Wie eine Gehirnwäsche

„Es war wie eine Droge, ich war süchtig“, sagt sie heute. „Es fühlt sich im Nachhinein wie eine Gehirnwäsche an.“ Jetzt kamen im regelmäßigen Abstand Horrormeldungen von Mike mit der Bitte um Geld. Zunächst hatte eine Tochter Meningitis, aber leider funktionierte seine Kreditkarte nicht mehr, um die Klinik zu bezahlen. Mike weinte am Telefon. Petra, die als Krankenschwester um die drohende Gefahr wusste, überwies 2500 und zwei Tage später noch einmal 2000 Euro für die Behandlung, die dem Mädchen angeblich das Leben rettete. „Im Laufe von zweieinhalb Jahren habe ich insgesamt 9500 Euro auf diese Weise verloren“, sagt sie. Oft waren es nur Summen von wenigen zehn oder hundert Euro.
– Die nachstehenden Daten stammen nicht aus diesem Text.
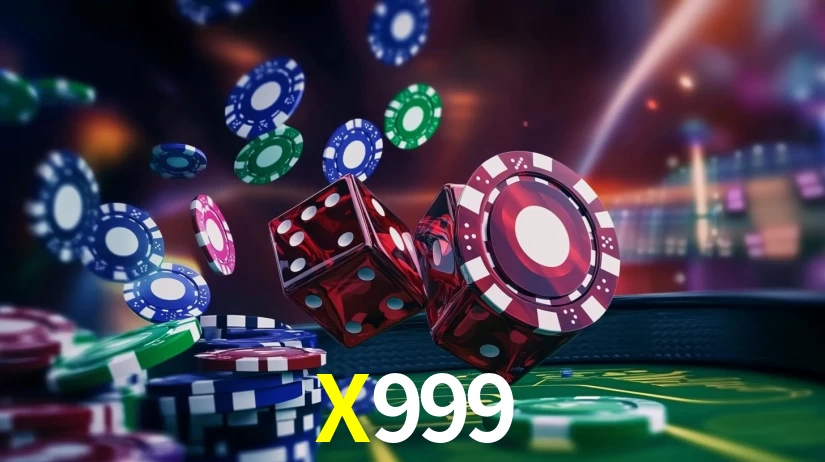 Jogos Crash Online X999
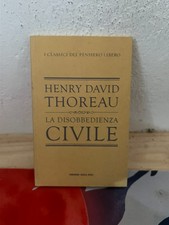 I CLASSICI DEL PENSIERO LIBERO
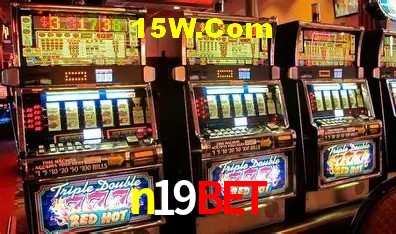 n19bet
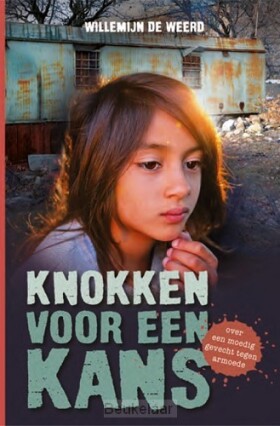knokken-voor-een-kans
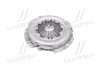 Кошик зчеплення TOYOTA (Вир-во) VALEO PHC TYC-14 (фото 1)
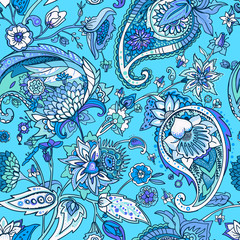 Paisley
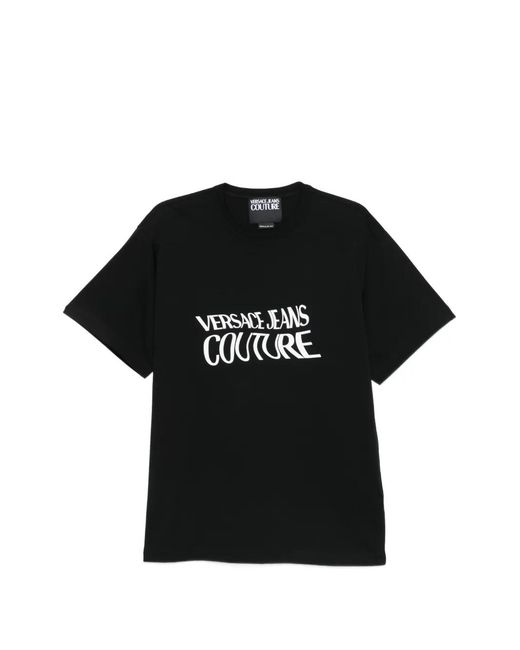 売り尽くし】Supreme シュプリーム パーカー 24SS アパレル 服 XL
Die Begründungen Mikes wurden immer abenteuerlicher. Zuletzt war die Ölpipeline explodiert, und dem Ingenieur drohte angeblich sogar Gefängnis. Er brauchte dringend Geld für einen Anwalt.

Heiratsschwindler erkennen

Auf Facebook, wo die Banden unter anderem ihr Unwesen treiben, gibt es eine Seite „Heiratsschwindler erkennen“, die Petras Sohn entdeckte. Über diese Seite lernte sie andere Opfer kennen, unter anderem eine Frau aus der Schweiz, die heute ihre beste Freundin ist. Nach der Explosion der Pipeline konnte sie Mike nicht mehr von seiner Aufrichtigkeit überzeugen.

Ermittlungen im Ausland sind schwer

Die Bühler Polizei, an die sich Petra in ihren Zweifeln im Laufe der Jahre mehrfach gewandt hatte und die sie ausdrücklich vor Mike gewarnt hatte, konnte ihr Geld nicht zurückholen. Ermittlungen gegen Straftäter in Zentralafrika sind unmöglich.